→ **What the task asks**
If a line in the entries below holds the string "Black", copy it.

Segment Start: Excerpted data

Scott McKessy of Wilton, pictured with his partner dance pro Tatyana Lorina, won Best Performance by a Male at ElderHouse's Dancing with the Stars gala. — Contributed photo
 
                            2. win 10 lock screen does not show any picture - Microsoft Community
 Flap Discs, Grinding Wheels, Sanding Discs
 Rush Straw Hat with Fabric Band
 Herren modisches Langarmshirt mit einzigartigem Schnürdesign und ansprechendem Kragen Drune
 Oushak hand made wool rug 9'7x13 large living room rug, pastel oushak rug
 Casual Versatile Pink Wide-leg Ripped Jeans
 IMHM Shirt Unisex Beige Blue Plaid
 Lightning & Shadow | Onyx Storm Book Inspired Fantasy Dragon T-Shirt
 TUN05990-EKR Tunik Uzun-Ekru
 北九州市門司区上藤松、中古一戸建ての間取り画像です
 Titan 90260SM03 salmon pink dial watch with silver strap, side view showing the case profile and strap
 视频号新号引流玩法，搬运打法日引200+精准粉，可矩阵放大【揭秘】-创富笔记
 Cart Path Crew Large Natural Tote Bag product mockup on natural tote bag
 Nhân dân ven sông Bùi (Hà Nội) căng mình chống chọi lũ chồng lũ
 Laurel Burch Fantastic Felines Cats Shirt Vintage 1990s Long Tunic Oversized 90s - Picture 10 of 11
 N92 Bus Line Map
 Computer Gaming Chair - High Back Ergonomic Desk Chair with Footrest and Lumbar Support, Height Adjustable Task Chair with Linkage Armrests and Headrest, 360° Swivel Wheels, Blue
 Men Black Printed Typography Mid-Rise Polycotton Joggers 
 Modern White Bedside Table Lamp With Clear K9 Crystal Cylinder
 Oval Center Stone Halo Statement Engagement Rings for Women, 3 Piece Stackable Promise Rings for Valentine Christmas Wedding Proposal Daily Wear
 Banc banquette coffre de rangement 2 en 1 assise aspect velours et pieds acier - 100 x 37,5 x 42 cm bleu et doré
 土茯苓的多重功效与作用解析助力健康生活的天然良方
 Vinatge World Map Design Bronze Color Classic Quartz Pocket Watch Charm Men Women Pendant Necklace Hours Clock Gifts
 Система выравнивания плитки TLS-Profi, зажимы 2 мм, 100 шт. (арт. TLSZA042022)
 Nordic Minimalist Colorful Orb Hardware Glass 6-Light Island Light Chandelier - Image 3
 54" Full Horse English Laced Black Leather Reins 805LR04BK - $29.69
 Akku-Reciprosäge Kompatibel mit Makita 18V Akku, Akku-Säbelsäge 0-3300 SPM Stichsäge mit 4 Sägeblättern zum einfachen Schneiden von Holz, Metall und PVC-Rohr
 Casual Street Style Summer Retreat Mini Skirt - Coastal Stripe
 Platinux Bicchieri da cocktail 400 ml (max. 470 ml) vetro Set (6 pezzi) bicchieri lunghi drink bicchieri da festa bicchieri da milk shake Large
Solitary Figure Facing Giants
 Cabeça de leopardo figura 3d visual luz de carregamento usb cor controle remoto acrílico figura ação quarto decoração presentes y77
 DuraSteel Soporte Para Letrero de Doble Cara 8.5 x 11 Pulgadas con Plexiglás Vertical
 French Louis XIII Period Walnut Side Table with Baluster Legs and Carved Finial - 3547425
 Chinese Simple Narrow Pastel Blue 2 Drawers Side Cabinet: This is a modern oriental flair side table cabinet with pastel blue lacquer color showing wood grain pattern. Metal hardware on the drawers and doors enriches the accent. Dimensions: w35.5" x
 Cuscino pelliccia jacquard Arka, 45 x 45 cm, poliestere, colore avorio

Segment End: Excerpted data

→ **Exercise answer**
 Men Black Printed Typography Mid-Rise Polycotton Joggers 
 54" Full Horse English Laced Black Leather Reins 805LR04BK - $29.69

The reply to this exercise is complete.